Formula: C9H10O3. Authors Kumar, M; Joshi, G; Arora, S; Singh, T; Biswas, S; Sharma, N; Bhat, ZR; Tikoo, K; Singh, S; Kumar, R in MDPI published article about in [Kumar, Manvendra; Joshi, Gaurav; Arora, Sahil; Biswas, Sajal; Kumar, Raj] Cent Univ Punjab, Sch Hlth Sci, Dept Pharmaceut Sci & Nat Prod, Lab Drug Design & Synth, Bathinda 151401, Punjab, India; [Joshi, Gaurav] Graph Era Hill Univ, Sch Pharm, Dehra Dun 248171, Uttarakhand, India; [Singh, Tashvinder; Singh, Sandeep] Cent Univ Punjab, Dept Human Genet & Mol Med, Bathinda 151401, Punjab, India; [Sharma, Nisha; Bhat, Zahid Rafiq; Tikoo, Kulbhushan] Natl Inst Pharmaceut Educ & Res, Dept Pharmacol & Toxicol, Sas Nagar 160062, Punjab, India in 2021.0, Cited 33.0. The Name is 3,4-Dimethoxybenzaldehyde. Through research, I have a further understanding and discovery of 120-14-9

A series of 30 non-covalent imidazo[1,2-a]quinoxaline-based inhibitors of epidermal growth factor receptor (EGFR) were designed and synthesized. EGFR inhibitory assessment (against wild type) data of compounds revealed 6b, 7h, 7j, 9a and 9c as potent EGFR(WT) inhibitors with IC50 values of 211.22, 222.21, 193.18, 223.32 and 221.53 nM, respectively, which were comparable to erlotinib (221.03 nM), a positive control.
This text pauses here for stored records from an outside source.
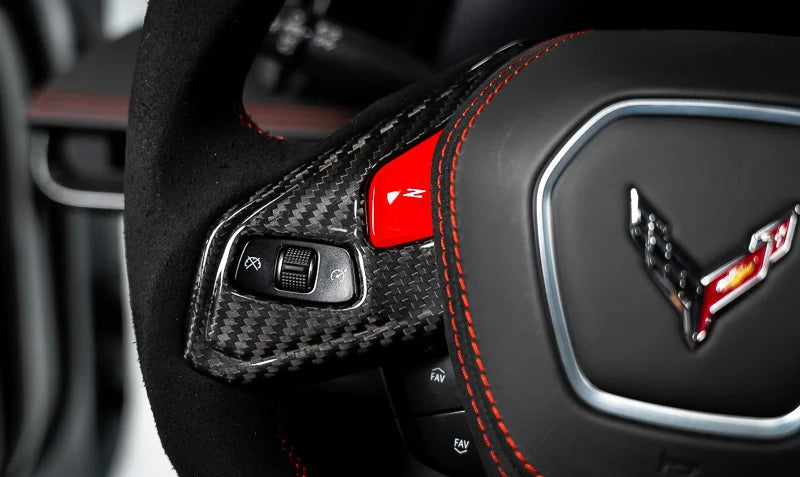 C8 Corvette Carbon Fiber Steering Wheel Trim Overlay – Heated Steering Wheels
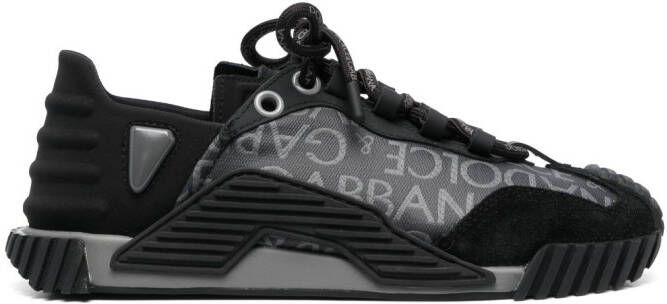 Dolce & Gabbana logo-print leather sneakers Black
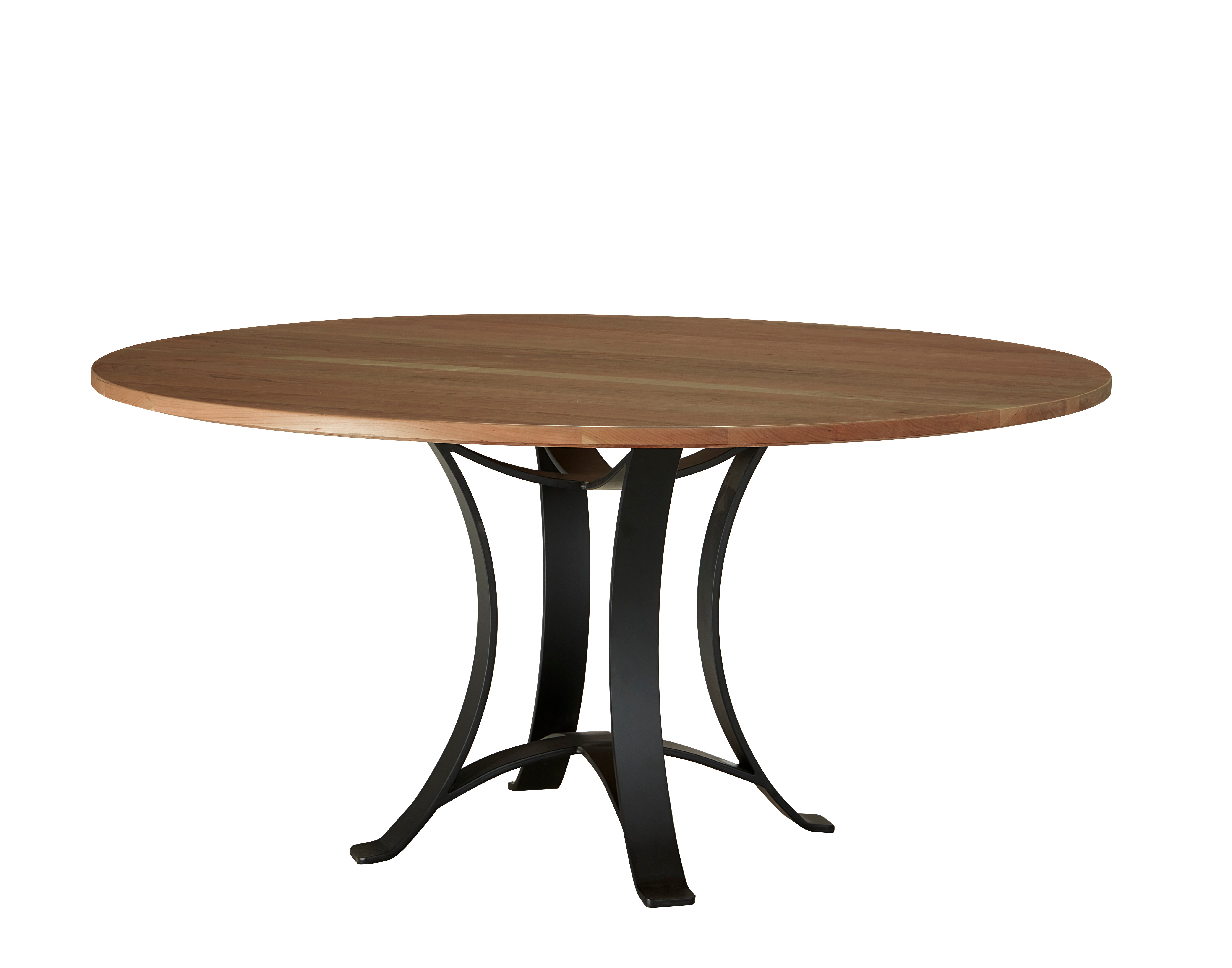 Artisan & Post Crafted Cherry 60 Inch Round Table  W/ Metal Base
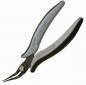 Preview: The image shows a pair of pliers with long, pointed jaws. The handle is ergonomically designed, black and gray. The pliers are well suited for precise tasks.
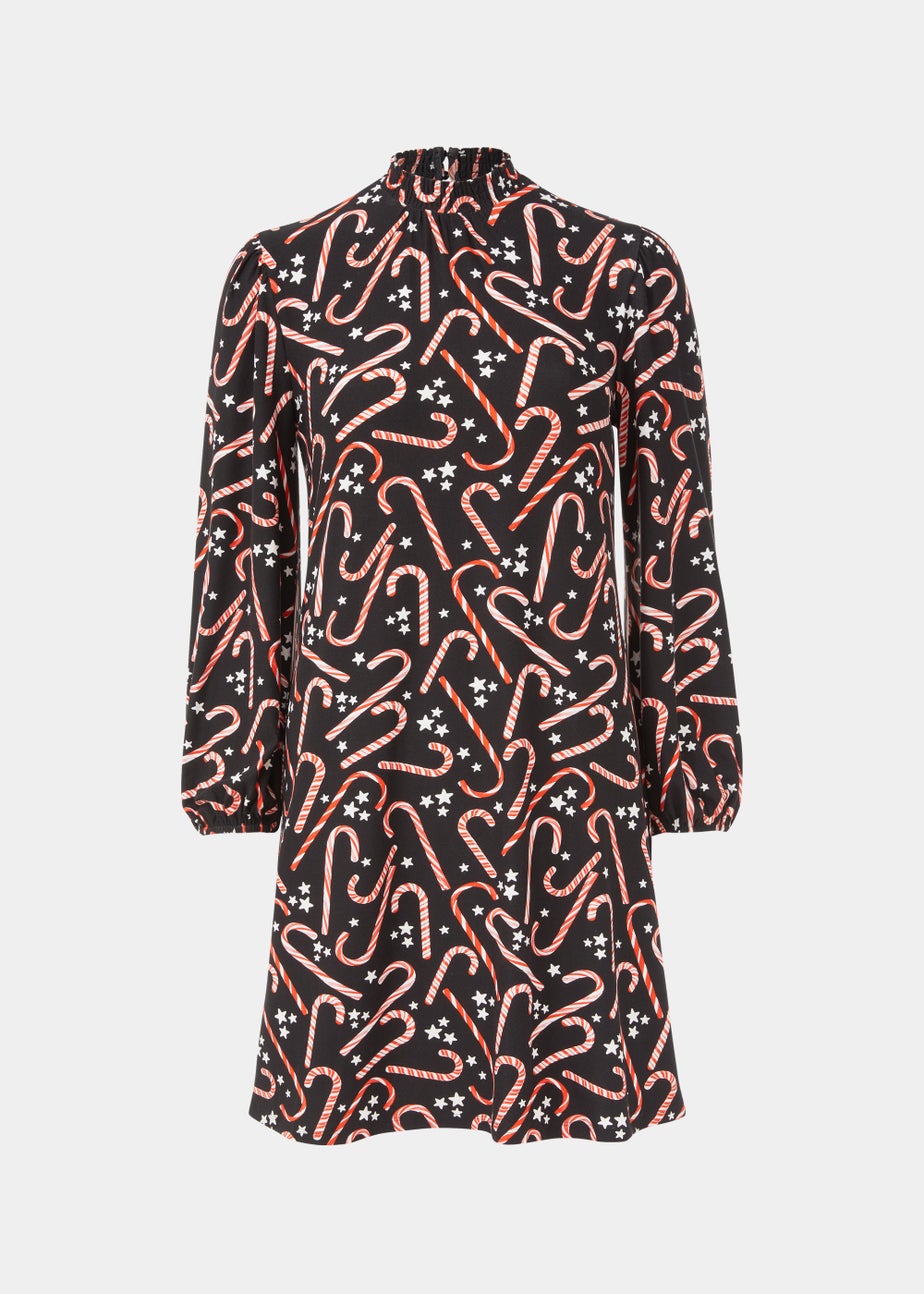 Black Super Soft Christmas Candy Cane Mini Dress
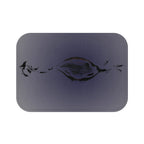 Dark Oceanic Wave Bath Mat — Minimal Nautical Seabed Design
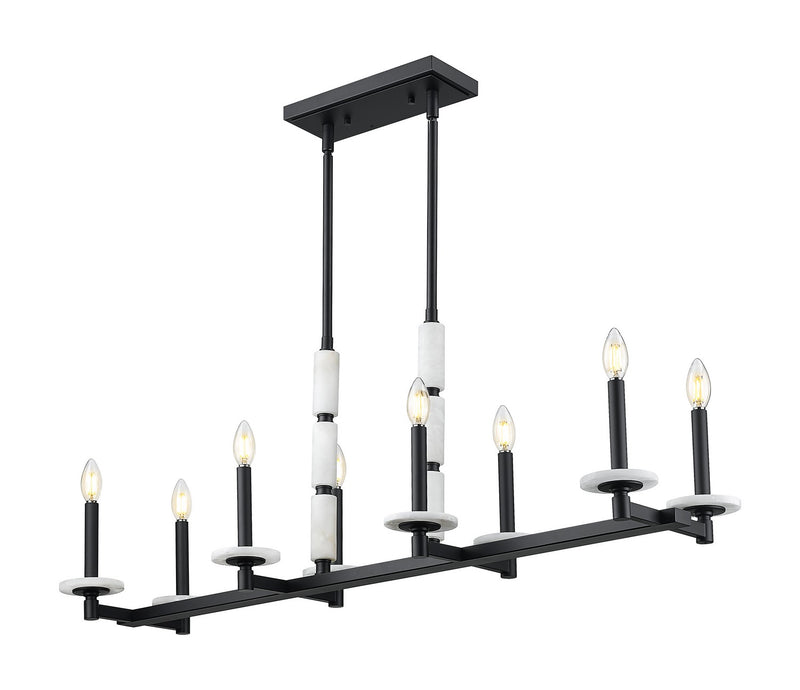 Z-Lite 3045-8L-MB Eight Light Linear Chandelier, Matte Black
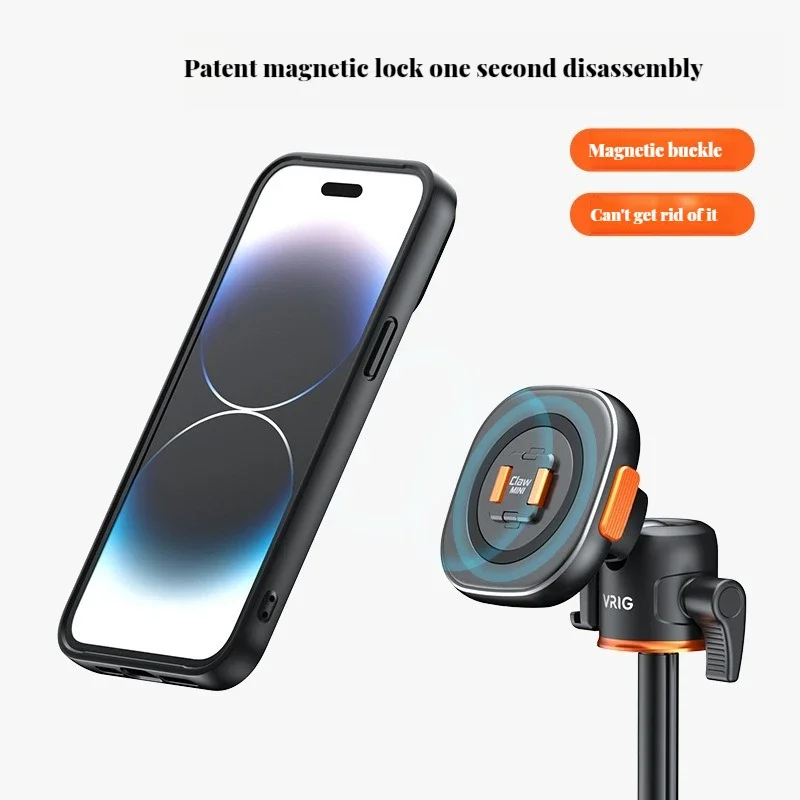 VRIG MG-01L Magnetic Phone Holder Stands for Magsafe to 1/4 AARI Screw Phone Mount for Iphone 15/14/13/12 Series Samsung Xiaomi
Furthermore, compounds exhibited excellent antiproliferative activity when tested against cancer cell lines harboring EGFR(WT); A549, a non-small cell lung cancer (NSCLC), HCT-116 (colon), MDA-MB-231 (breast) and gefitinib-resistant NSCLC cell line H1975 harboring EGFR(L858R/T790M). In particular, compound 6b demonstrated significant inhibitory potential against gefitinib-resistant H1975 cells (IC50 = 3.65 mu M) as compared to gefitinib (IC50 > 20 mu M). Moreover, molecular docking disclosed the binding mode of the 6b to the domain of EGFR (wild type and mutant type), indicating the basis of inhibition. Furthermore, its effects on redox modulation, mitochondrial membrane potential, cell cycle analysis and cell death mode in A549 lung cancer cells were also reported.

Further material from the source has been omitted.